An open API service indexing awesome lists of open source software.

https://github.com/lenisha/knowledge-mining

fork from https://github.com/SenthuranSivananthan/knowledge-mining
https://github.com/lenisha/knowledge-mining

Last synced: 2 months ago
JSON representation

fork from https://github.com/SenthuranSivananthan/knowledge-mining

Awesome Lists containing this project

README

          

# Introduction

The implementation in this repository is based [Knowledge Mining Solution Accelerator](https://docs.microsoft.com/en-us/samples/azure-samples/azure-search-knowledge-mining/azure-search-knowledge-mining/).

This repository aims to simplify the onboarding experience through automation.
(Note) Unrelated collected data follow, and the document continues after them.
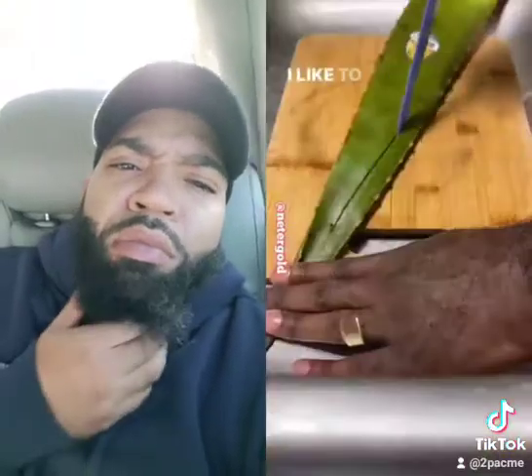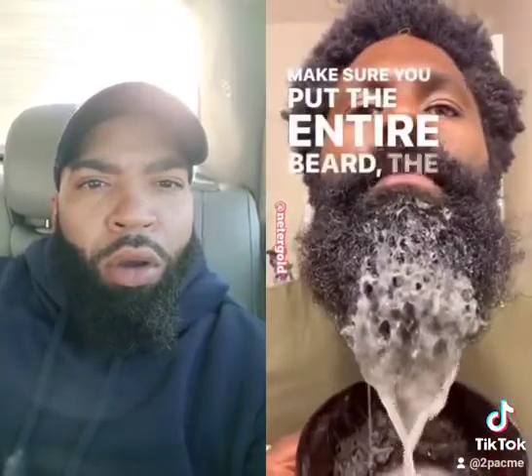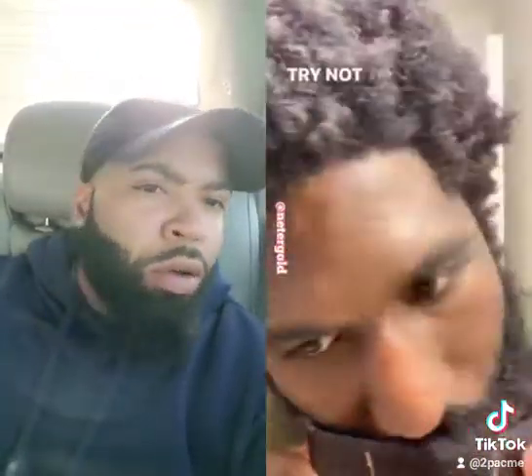Now let me show you how to handle a dry beard. I like to use olive oil — cut it up, mix it all up to a nice calming consistency. Then you just dip the beard in it. Make sure you get the entire beard: the front, the back, the sides. Try not to miss any part.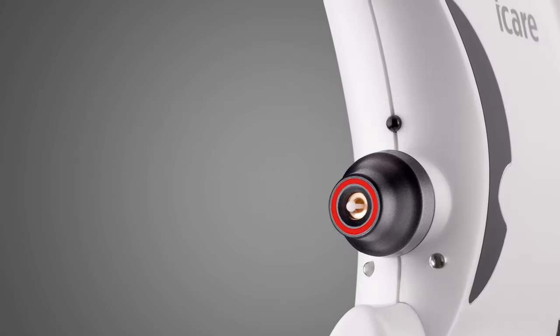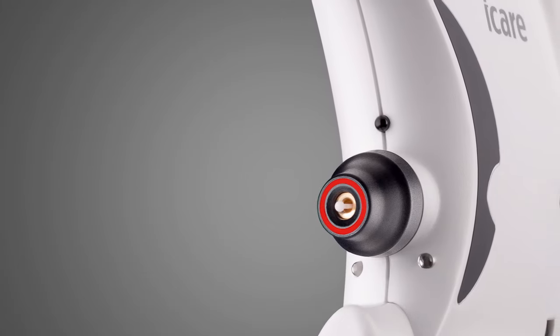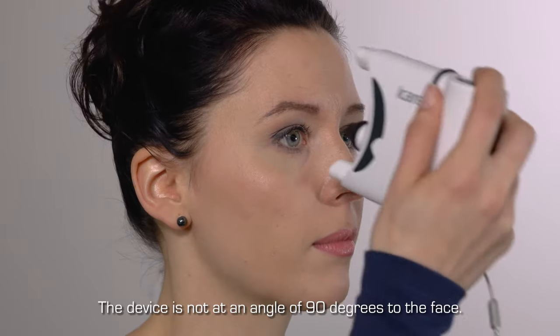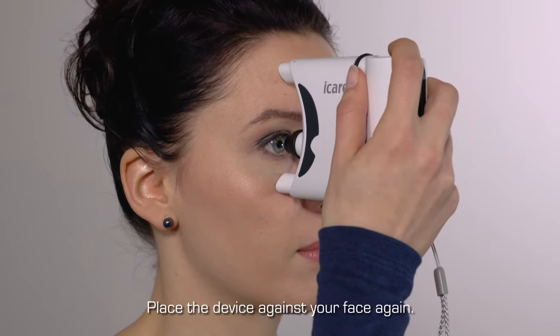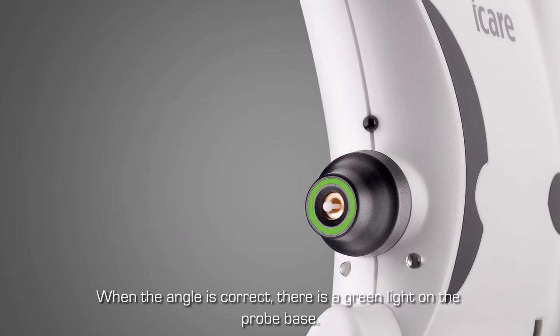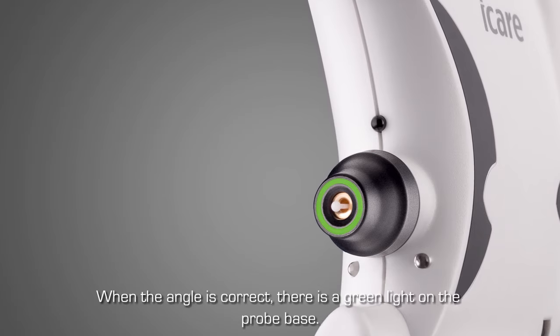Troubleshooting. If there is a red light in the probe base and the device will not measure, this indicates that the device is not at an angle of 90 degrees to the face. Reposition the tonometer against your face. When you find the correct angle, the probe base will glow green and a measurement can be made.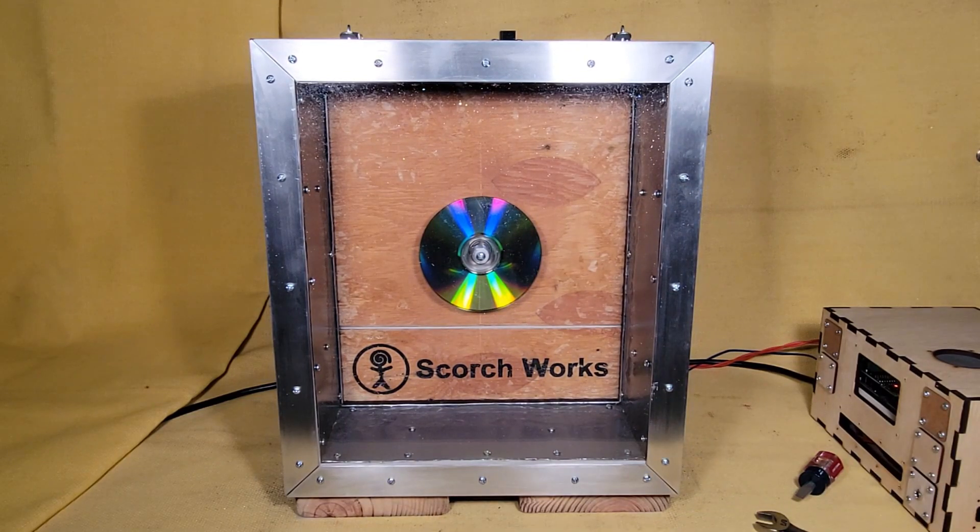Basically, that motor is going to spin that CD up so fast that it breaks into pieces.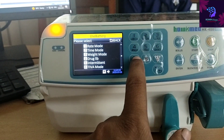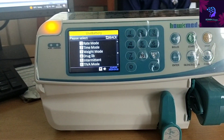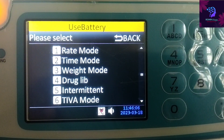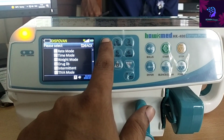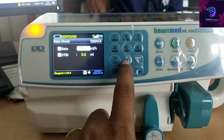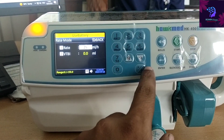To edit the rate, press the number button again and you can easily edit the values. To go back, just press the return back button. The machine is currently on battery backup, so it will indicate that. When you switch it on, it will automatically come to the selected mode.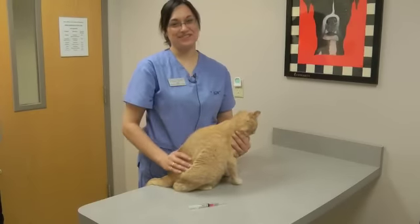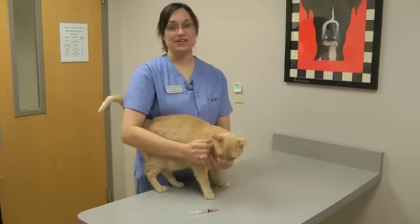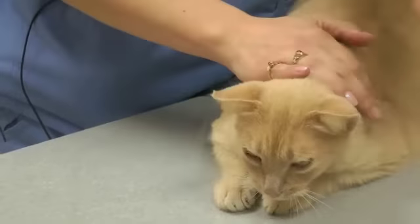Hi, I'm Jody. I'm a certified veterinary technician from Granite City Pet Hospital and I'm going to demonstrate how to give a subcutaneous injection.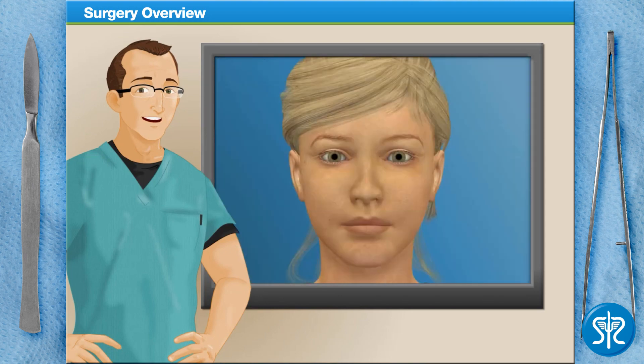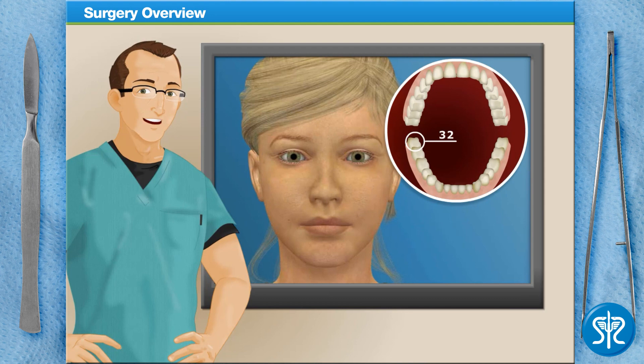Our patient today is having their lower right wisdom tooth removed, or, as a dental professional may refer to it, tooth number 32.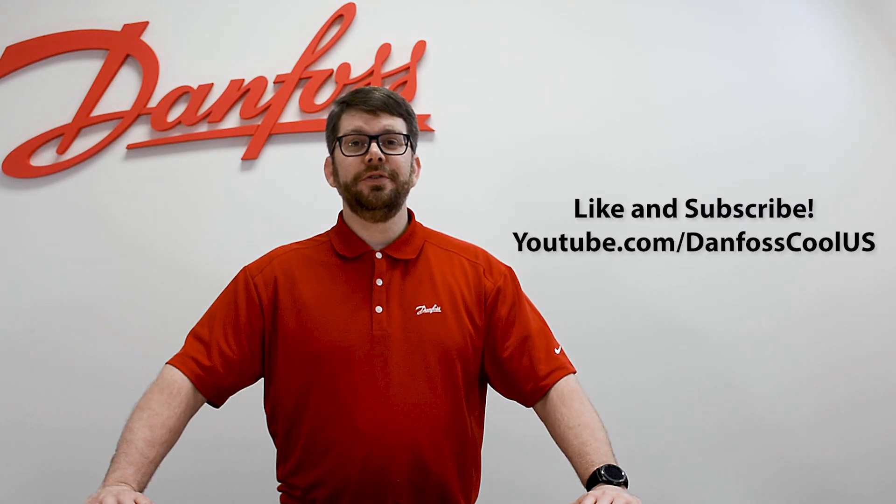This has been an overview of the spare part kits for the SVL product line and how they pertain to our Reg valve. For more information about this topic, please see our description below. For more great videos like this, please visit our YouTube channel DanFossCoolUS.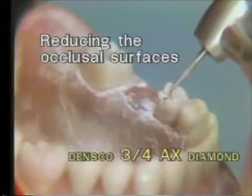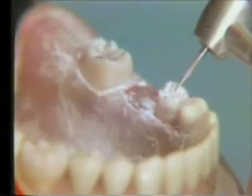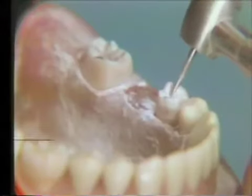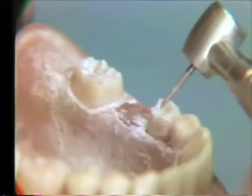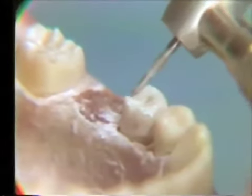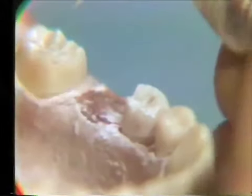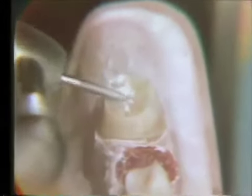The occlusal reduction is carried out with the same diamond, started with making tracer cuts on the occlusal surface of the bicuspid to the full diameter of the diamond instrument. The tip should be buried slightly deeper. Tracer cuts are also placed on the molar. The occlusal reduction is then carried to the depth of those tracer cuts, making sure that the surfaces match the original occlusal surface. These surfaces should undulate slightly. A lingual axis is used to complete the final occlusal reduction on the molar tooth, and the occlusal is further refined from the buccal axis.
Therefore, the following changes/additions have been made to the original solution:

1. Converted the ARM templates to [Bicep](https://github.com/Azure/bicep) templates for easier Infrastructure as Code authoring experience.

2. Scripted the Azure Search Index creation through bash to avoid any manual steps through Postman or REST APIs.

3. Scripted deployment using Azure DevOps Pipelines for push-button deployment.

# Azure Services

The solution uses 5 Azure PaaS Services:

1. **Azure App Service** - Hosting environment for the .NET Core Web Application
2. **Azure Cognitive Services** - Built-in Machine Learning capabilities to extract insights from documents, images, etc.
3. **Azure Search** - Search index to explore the insights
4. **Azure Key Vault** - Secrets & key management
5. **Azure Storage Account** - Document repository

# Service Principal Account

Automated deployment will require one Service Principal Account. This account is used for:

1. Deploying the Azure Infrastructure
2. Integrating with Azure Key Vault for key management

The service principal account will need `Owner` Role assigned (IAM) at the Subscription. This configuration will allow multiple deployment of the same solution in the same subscription.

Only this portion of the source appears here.